=== Data extract ===
Start of Block

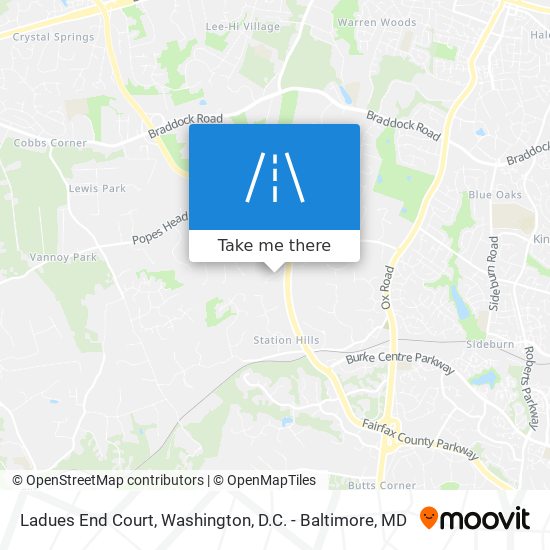 Ladues End Court map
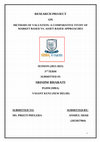 Research paper thumbnail of Methods of Valuation Market Based & Assests Based Approaches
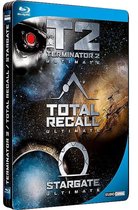 SF 3-pack - Stargate + Terminator 2 + Total Recall - Blu-ray - Steelcase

End of Block

=== Work instruction ===
With the pictures removed, return the data above word for word.

=== Solution for this task ===
 Ladues End Court map
 Research paper thumbnail of Methods of Valuation Market Based & Assests Based Approaches
 SF 3-pack - Stargate + Terminator 2 + Total Recall - Blu-ray - Steelcase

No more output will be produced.